4.4 Advanced usage

Next: 5 Performances Up: 4 Using CP Previous: 4.3 CP dynamics Contents

Subsections

4.4 Advanced usage

4.4.1 Self-interaction Correction

The self-interaction correction (SIC) included in the CP package is based on the Constrained Local-Spin-Density approach proposed my F. Mauri and coworkers (M. D'Avezac et al. PRB 71, 205210 (2005)). It was used for the first time in QUANTUM ESPRESSO by F. Baletto, C. Cavazzoni and S.Scandolo (PRL 95, 176801 (2005)).

This approach is a simple and nice way to treat ONE, and only one, excess charge. It is moreover necessary to check a priori that the spin-up and spin-down eigenvalues are not too different, for the corresponding neutral system, working in the Local-Spin-Density Approximation (setting nspin = 2). If these two conditions are satisfied and you are interest in charged systems, you can apply the SIC. This approach is a on-the-fly method to correct the self-interaction with the excess charge with itself.

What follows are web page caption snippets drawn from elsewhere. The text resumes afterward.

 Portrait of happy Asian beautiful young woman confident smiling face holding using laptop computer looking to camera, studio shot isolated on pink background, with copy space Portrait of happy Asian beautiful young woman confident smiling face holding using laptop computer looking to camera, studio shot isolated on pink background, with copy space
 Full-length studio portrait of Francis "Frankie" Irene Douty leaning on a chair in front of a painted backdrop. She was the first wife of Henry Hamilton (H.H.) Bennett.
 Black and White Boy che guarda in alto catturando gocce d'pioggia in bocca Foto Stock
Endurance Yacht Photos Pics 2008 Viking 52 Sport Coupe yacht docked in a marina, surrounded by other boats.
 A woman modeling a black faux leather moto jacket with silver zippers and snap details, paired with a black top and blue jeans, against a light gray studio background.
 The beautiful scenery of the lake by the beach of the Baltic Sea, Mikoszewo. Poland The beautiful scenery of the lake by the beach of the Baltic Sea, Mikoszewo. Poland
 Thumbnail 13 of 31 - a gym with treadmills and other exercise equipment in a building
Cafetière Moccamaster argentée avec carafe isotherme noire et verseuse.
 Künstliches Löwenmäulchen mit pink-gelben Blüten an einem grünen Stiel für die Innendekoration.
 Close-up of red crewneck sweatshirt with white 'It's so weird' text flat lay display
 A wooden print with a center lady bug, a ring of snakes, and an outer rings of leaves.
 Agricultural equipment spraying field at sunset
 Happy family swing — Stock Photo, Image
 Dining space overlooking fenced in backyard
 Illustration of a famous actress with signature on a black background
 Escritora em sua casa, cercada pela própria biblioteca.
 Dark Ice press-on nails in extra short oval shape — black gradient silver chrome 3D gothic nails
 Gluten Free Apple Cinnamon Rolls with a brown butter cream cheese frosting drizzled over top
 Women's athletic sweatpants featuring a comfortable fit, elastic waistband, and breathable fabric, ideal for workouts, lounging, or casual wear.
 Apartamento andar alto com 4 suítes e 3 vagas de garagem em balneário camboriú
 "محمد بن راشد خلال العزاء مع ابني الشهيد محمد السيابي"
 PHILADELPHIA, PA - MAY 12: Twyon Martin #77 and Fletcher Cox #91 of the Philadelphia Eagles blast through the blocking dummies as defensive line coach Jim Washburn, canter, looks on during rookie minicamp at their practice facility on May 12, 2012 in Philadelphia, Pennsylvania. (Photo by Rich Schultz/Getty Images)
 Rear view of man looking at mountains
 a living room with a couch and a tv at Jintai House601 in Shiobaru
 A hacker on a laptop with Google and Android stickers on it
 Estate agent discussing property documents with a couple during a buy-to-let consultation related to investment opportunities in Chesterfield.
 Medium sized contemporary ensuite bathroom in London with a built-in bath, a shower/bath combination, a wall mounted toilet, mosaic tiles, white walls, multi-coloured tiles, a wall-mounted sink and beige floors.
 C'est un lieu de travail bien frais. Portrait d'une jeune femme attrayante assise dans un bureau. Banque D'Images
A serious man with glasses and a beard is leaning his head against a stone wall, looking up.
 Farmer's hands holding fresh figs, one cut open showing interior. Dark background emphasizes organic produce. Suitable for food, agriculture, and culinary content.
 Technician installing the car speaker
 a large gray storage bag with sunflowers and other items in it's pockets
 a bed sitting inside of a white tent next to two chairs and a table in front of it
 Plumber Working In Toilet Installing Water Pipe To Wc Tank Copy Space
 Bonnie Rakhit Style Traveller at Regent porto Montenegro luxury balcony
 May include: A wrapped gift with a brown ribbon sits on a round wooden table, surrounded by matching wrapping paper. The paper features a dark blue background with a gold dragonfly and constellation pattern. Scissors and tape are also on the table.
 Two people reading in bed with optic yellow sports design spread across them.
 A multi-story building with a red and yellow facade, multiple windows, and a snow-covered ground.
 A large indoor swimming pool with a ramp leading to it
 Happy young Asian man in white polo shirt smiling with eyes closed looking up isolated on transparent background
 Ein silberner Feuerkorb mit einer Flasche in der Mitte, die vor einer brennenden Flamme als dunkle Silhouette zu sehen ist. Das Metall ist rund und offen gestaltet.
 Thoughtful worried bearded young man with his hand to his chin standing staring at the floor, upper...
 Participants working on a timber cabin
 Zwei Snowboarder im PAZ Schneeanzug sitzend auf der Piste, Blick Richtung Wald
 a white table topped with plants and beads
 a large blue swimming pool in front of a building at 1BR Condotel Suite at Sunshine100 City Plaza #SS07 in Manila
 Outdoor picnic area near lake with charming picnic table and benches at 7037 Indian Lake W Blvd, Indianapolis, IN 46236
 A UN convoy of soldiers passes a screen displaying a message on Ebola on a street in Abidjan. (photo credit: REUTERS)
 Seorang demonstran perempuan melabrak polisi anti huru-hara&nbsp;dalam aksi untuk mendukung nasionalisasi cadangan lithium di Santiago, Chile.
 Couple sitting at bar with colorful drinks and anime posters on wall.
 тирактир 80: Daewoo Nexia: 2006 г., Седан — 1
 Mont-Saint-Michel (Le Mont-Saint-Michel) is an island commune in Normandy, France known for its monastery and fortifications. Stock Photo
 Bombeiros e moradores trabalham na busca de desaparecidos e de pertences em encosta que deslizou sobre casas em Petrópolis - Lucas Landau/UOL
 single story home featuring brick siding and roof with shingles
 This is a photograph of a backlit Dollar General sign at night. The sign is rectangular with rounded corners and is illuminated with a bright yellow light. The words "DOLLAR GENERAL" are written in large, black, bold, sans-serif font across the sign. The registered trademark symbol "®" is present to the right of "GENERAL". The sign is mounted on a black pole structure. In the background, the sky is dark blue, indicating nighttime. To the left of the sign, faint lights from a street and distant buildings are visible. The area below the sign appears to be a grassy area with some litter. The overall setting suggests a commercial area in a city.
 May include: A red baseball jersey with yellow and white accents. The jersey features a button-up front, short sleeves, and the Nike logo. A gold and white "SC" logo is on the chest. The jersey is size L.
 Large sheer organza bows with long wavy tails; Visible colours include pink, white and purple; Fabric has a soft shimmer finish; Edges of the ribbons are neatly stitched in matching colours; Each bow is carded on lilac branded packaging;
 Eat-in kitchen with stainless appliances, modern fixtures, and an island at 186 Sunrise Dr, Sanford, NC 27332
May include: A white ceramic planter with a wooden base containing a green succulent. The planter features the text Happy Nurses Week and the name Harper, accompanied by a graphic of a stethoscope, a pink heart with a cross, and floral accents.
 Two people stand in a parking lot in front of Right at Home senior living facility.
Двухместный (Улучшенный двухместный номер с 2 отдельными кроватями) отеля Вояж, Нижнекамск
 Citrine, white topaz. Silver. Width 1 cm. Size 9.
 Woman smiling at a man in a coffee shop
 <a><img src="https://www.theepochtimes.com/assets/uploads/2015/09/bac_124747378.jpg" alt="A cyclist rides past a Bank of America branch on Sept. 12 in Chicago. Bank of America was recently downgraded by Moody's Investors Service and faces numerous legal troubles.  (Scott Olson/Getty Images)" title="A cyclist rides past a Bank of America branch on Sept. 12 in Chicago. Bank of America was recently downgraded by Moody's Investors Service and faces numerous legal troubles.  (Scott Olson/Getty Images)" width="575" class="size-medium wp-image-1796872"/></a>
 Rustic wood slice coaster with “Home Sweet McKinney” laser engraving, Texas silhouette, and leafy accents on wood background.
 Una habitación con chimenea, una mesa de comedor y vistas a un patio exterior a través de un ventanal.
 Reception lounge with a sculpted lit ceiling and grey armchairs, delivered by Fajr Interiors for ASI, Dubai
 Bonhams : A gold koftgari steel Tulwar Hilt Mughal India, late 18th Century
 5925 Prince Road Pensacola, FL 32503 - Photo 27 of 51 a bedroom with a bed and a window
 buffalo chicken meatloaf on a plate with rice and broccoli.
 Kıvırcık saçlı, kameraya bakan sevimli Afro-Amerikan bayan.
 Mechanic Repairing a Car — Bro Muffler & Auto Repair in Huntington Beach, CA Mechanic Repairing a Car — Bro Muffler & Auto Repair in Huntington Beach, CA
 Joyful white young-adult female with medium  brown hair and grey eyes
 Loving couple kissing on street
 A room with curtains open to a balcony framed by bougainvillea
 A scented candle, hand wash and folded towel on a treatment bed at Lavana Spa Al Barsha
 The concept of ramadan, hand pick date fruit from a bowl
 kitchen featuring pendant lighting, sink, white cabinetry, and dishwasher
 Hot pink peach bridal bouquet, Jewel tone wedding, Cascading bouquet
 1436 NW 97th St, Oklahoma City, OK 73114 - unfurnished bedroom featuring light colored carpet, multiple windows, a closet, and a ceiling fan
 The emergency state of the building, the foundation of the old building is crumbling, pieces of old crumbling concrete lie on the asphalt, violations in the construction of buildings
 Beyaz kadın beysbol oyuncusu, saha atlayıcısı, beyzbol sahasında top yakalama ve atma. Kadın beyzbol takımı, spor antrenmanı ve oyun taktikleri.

Briefly, both the Hartree and the XC part have been corrected to avoid the interaction of the excess charge with itself.

For example, for the Boron atoms, where we have an even number of electrons (valence electrons = 3), the parameters for working with the SIC are:

           &system
           nbnd= 2,
           tot_magnetization=1,
           sic_alpha = 1.d0,
           sic_epsilon = 1.0d0,
           sic = 'sic_mac',
           force_pairing = .true.,

The two main parameters are:

force_pairing = .true., which forces the paired electrons to be the same;
sic='sic_mac', which instructs the code to use Mauri's correction.

Warning: This approach has known problems for dissociation mechanism driven by excess electrons.

Comment 1: Two parameters, sic_alpha and sic_epsilon', have been introduced following the suggestion of M. Sprik (ICR(05)) to treat the radical (OH)-H₂O. In any case, a complete ab-initio approach is followed using sic_alpha=1, sic_epsilon=1.

Comment 2: When you apply this SIC scheme to a molecule or to an atom, which are neutral, remember to add the correction to the energy level as proposed by Landau: in a neutral system, subtracting the self-interaction, the unpaired electron feels a charged system, even if using a compensating positive background. For a cubic box, the correction term due to the Madelung energy is approx. given by 1.4186/L_box -1.047/(L_box)³, where L_box is the linear dimension of your box (=celldm(1)). The Madelung coefficient is taken from I. Dabo et al. PRB 77, 115139 (2007). (info by F. Baletto, francesca.baletto@kcl.ac.uk)

4.4.2 ensemble-DFT

The ensemble-DFT (eDFT) is a robust method to simulate the metals in the framework of ''ab-initio'' molecular dynamics. It was introduced in 1997 by Marzari et al.

The specific subroutines for the eDFT are in CPV/src/ensemble_dft.f90 where you define all the quantities of interest. The subroutine CPV/src/inner_loop_cold.f90 called by cg_sub.f90, control the inner loop, and so the minimization of the free energy A with respect to the occupation matrix.

To select a eDFT calculations, the user has to set:

            calculation = 'cp'
            occupations= 'ensemble' 
            tcg = .true.
            passop= 0.3
            maxiter = 250

to use the CG procedure. In the eDFT it is also the outer loop, where the energy is minimized with respect to the wavefunction keeping fixed the occupation matrix. While the specific parameters for the inner loop. Since eDFT was born to treat metals, keep in mind that we want to describe the broadening of the occupations around the Fermi energy. Below the new parameters in the electrons list, are listed.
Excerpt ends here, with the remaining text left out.